Il est venu, il est parti (et entre les deux a nettoyé le gicleur et annoncé qu’il fallait changer le filtre), on a pu chauffer. Problème réglé! Jusqu’au questionnement sur les pattes sales. Le lien? On ne l’a pas vu non plus. Jusqu’à trois semaines plus tard… La chaudière, voyez-vous, ne brûlait pas bien/entièrement le mazout et elle dégageait de la suie par pleins nuages! La chaudière, les conduits de ventilation, le sol… tout était couvert d’une épaisse poudre noire! [Insérez ici une mini-crise de campagnarde qui voit déjà le feu de cheminée… l’Homme, lui, a tout éteint, chaudière, thermostat, alimentation électrique. Moi, collée sur mon écran à faire des recherche, j’approchais de la panique en lisant des textes en majuscules qui disaient que je courais un grave danger!] C’est de là qu’elles venaient, nos 16 pattes sales!
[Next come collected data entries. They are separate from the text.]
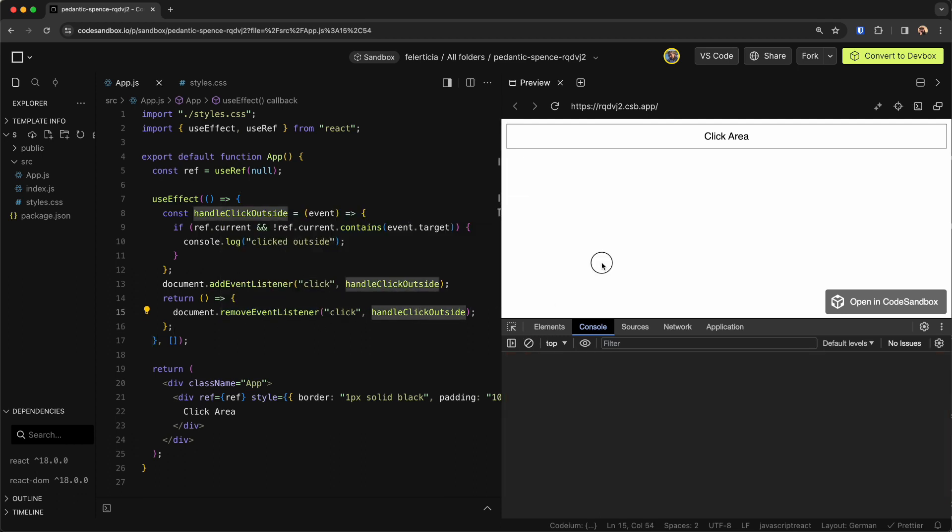So if I go here, click outside just works. Perfect.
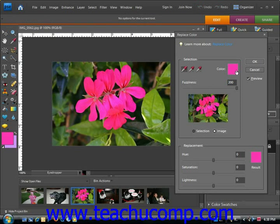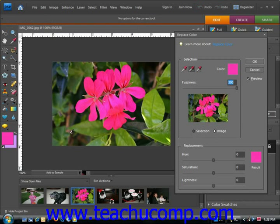To add or remove colors from the selection, click the Add to Sample or Subtract from Sample Eyedropper tools and click back into the image to adjust. The Fuzziness slider allows you to choose colors similar to the one you select and fine-tune your selection.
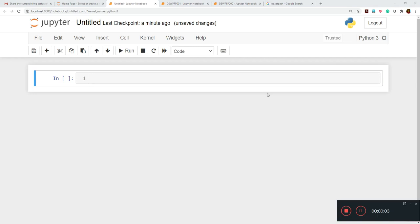Hi everyone, this is Vikas and welcome to this third video tutorial, which is part of the pandas tutorial series. In previous videos we have seen how to import pandas and how to load a dataset inside the Jupyter notebook environment.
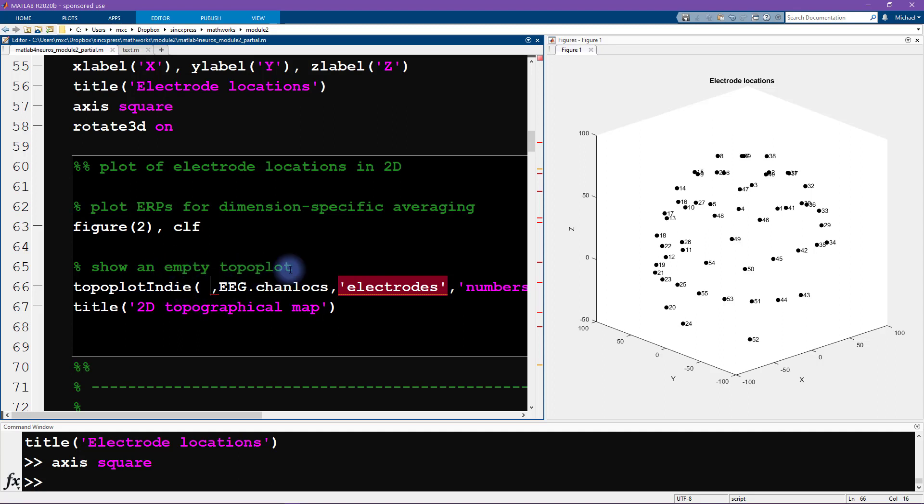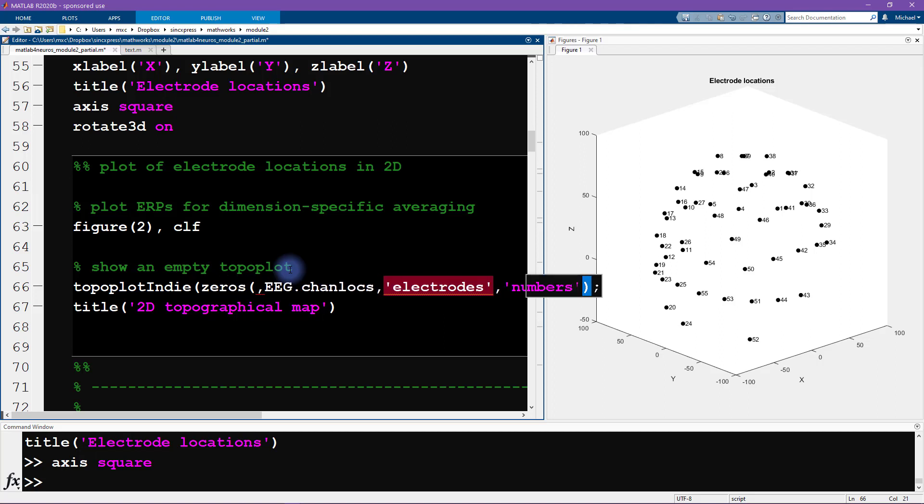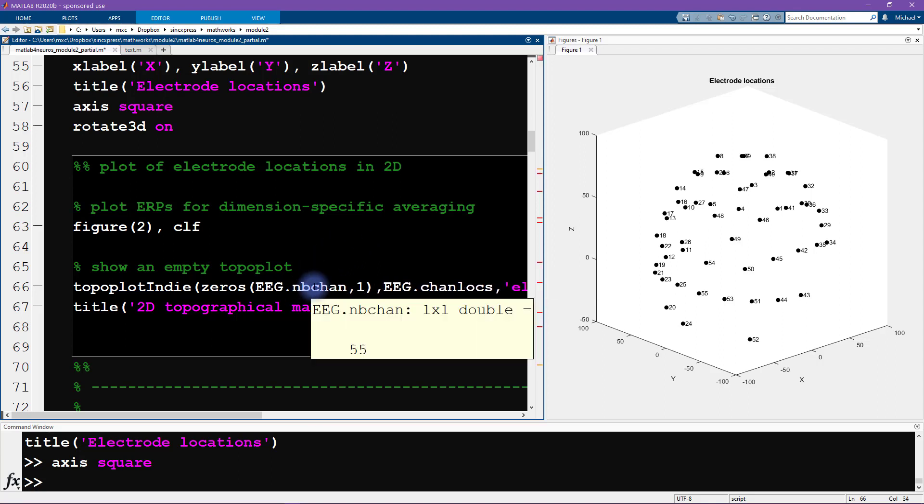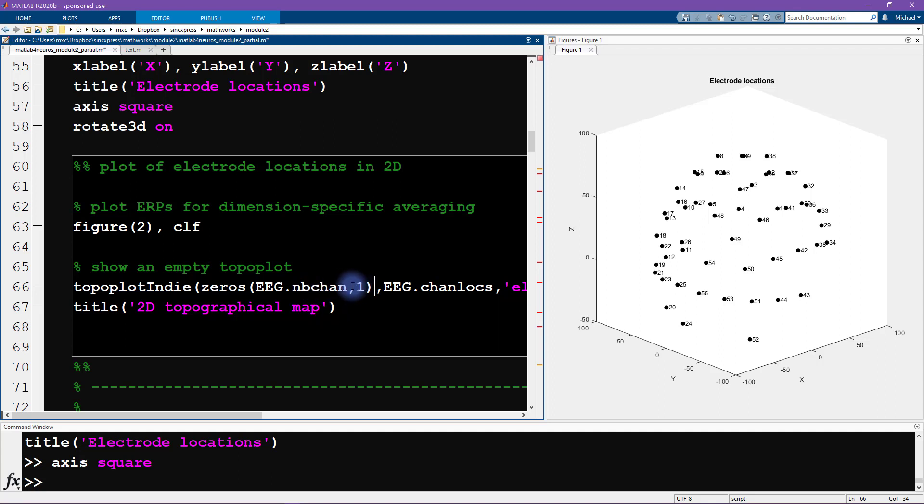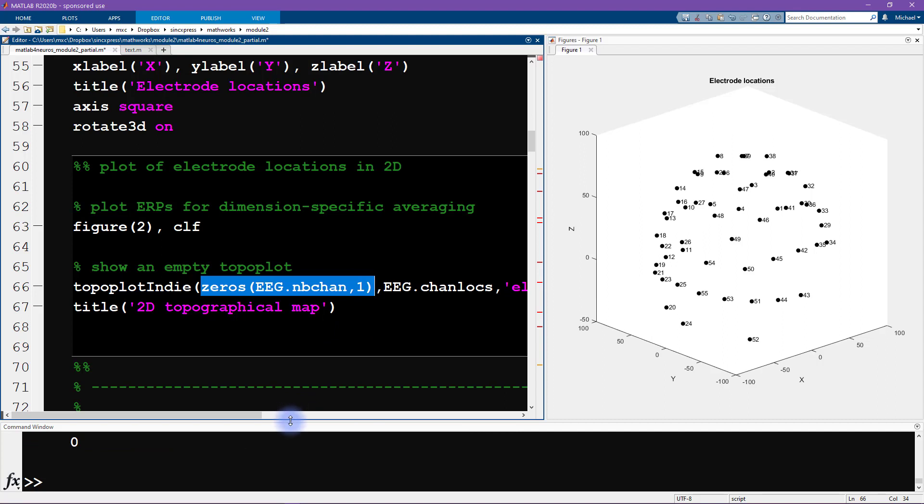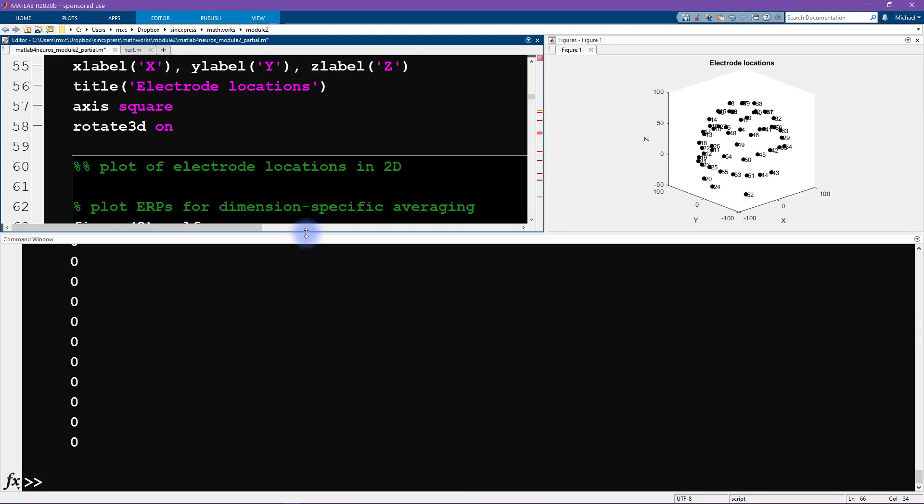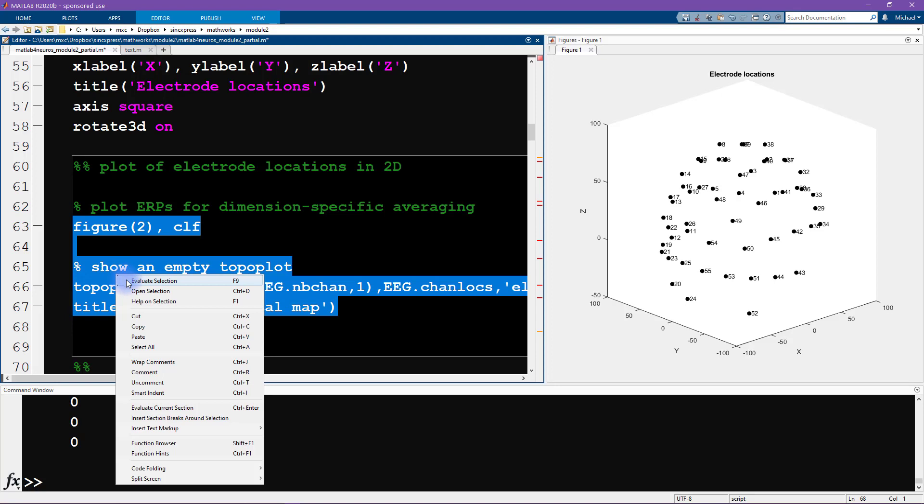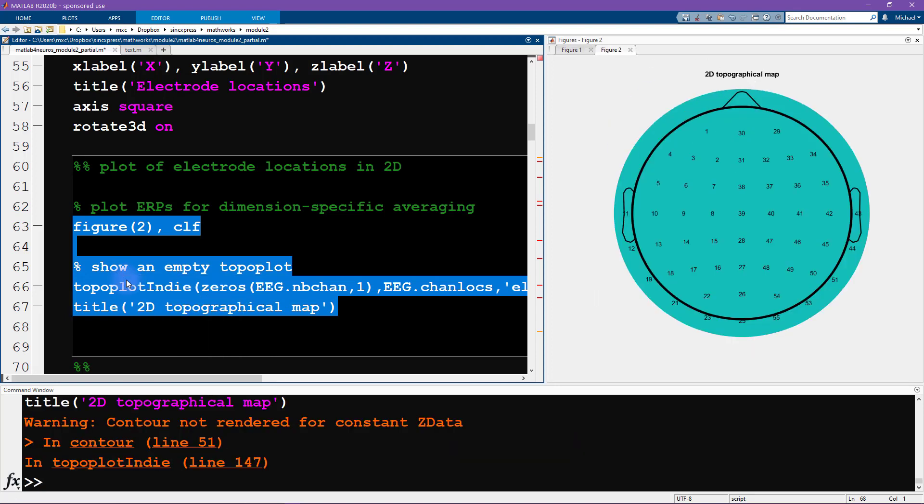For right now, I'm just going to input all zeros. So I'm going to create a matrix of zeros. We want to have nbchan by one. nbchan is one of the fields in this EEG structure, it just tells us the number of channels we have in the data set. And the comma one here is to produce a vector. So this is a column vector of zeros, where the number of zeros corresponds to all the electrodes. Just some empty temporary data that we can show. And that looks like this. Now we see our two dimensional topographical map, just like what I showed in the slides.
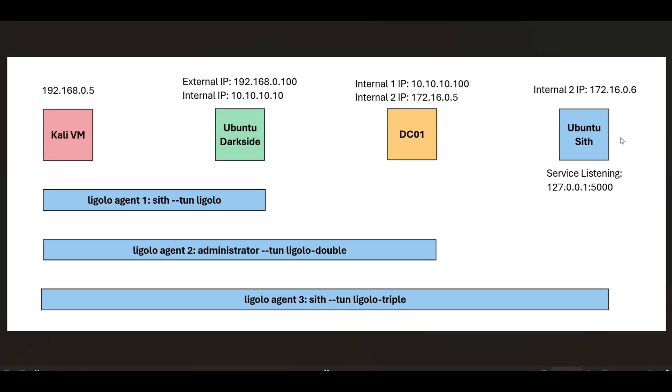So that's how you can access local ports on different hosts that have an agent running on them. Hopefully that clears up any confusion if there's been any. And yeah, have fun with it.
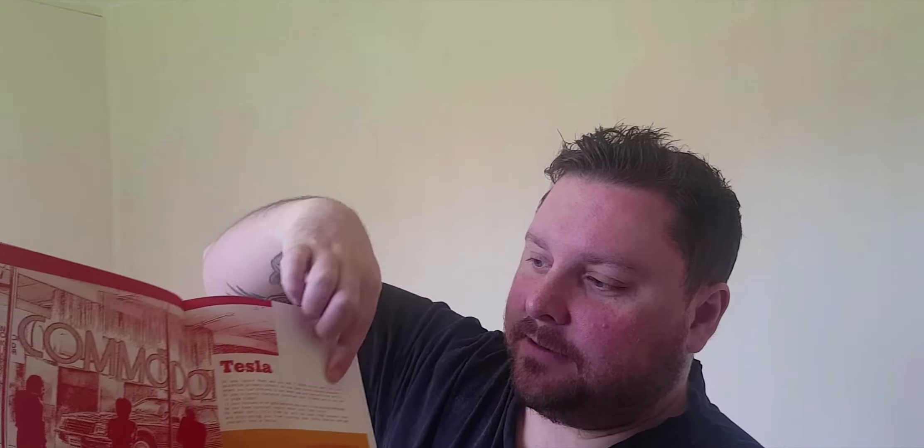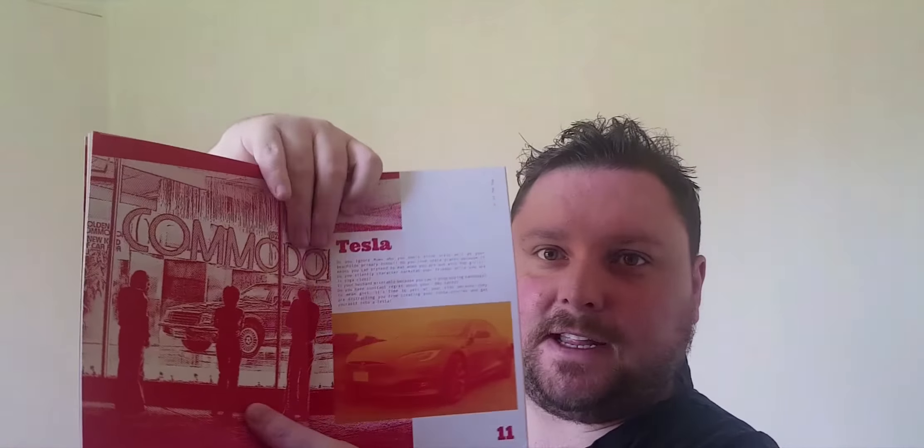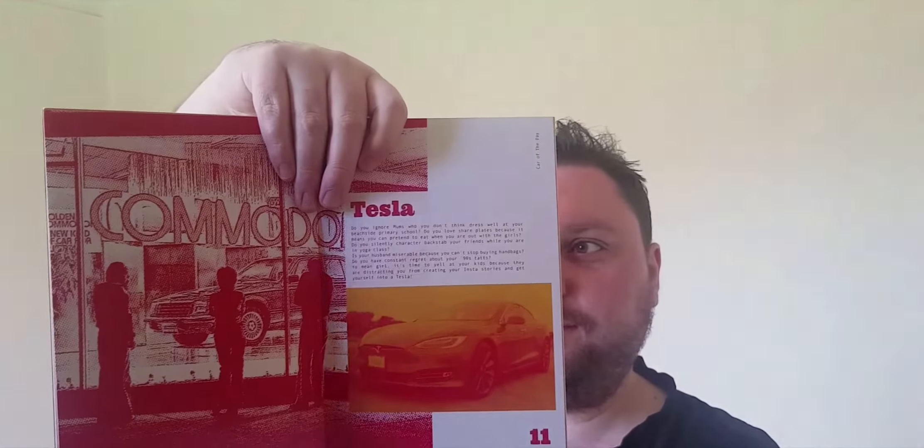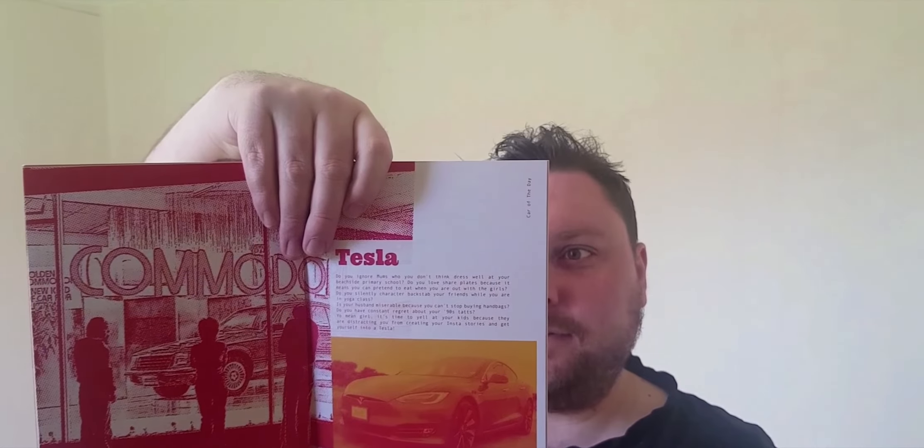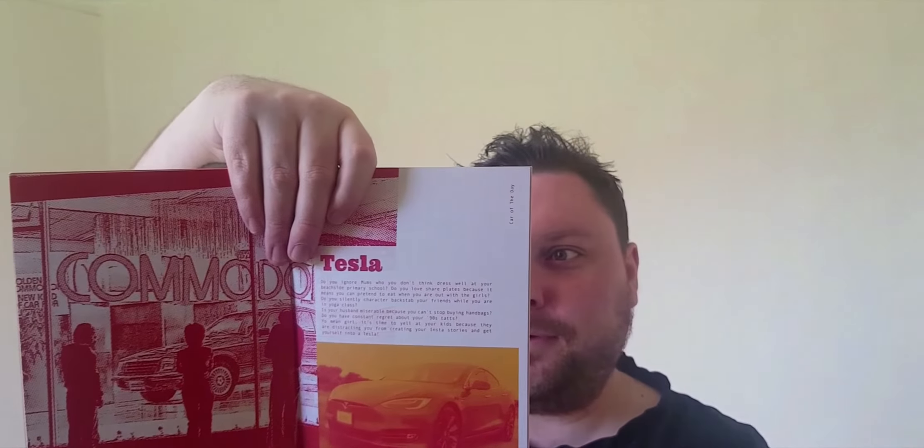And another short book is Car of the Day. This one's I think about 13 pages and includes a lot of pictures of cars with just little funny anecdotes or thoughts about each car and who they're suited for. So very funny and a very quick read.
Les chats vont à cet endroit beaucoup plus souvent que nous: ils le savaient, eux, qu’un problème empirait! [Et là la campagnarde s’écrie que justement la veille au matin elle avait remarqué que la fumée de la cheminée à laquelle la chaudière est rattachée était noire… Mais l’ignorance, c’est fort, hein: quand on ne sait pas qu’on voit un symptôme, on l’oublie vite!]

Autre appel chez le fournisseur de service, autre refroidissement en haut, et enfin autre problème réglé. Le pauvre homme a ouvert le conduit pour découvrir qu’il était presque bouché par la suie (le voilà, mon feu de cheminée…). Il a démonté, aspiré, fait l’entretien de la chaudière, remplacé notre nouveau filtre par un autre, plus performant. Notre constat commun, c’est qu’au cours des deux années où la maison n’a pas été habitée, l’entretien minimal (sur la chaudière et ailleurs…) n’a pas été fait (avant, pas sûr non plus). Le problème venait probablement de là, des résidus s’étant frayé un chemin jusque dans la pompe pour obstruer le gicleur (qui prend le mazout qui arrive et le fait gicler pour qu’il se consume). Notre histoire de suie, paraît que ça peut arriver très vite (ici, trois semaines).

Tout va bien. Encore une fois, on va se coucher moins niaiseux à soir! Alors les leçons à tirer? Une chaudière, c’est comme une grand-tante, ça se visite. Des pattes sales, c’est pas normal. Une réparation, ça demande un suivi de la part du client. La chaudière… il faut s’en faire une amie! (Ah oui et une autre: faut insister quand les réparateurs ne veulent pas faire l’entretien annuel sous prétexte que ça se fait au printemps, du moins quand on a un doute sur les entretiens passés!)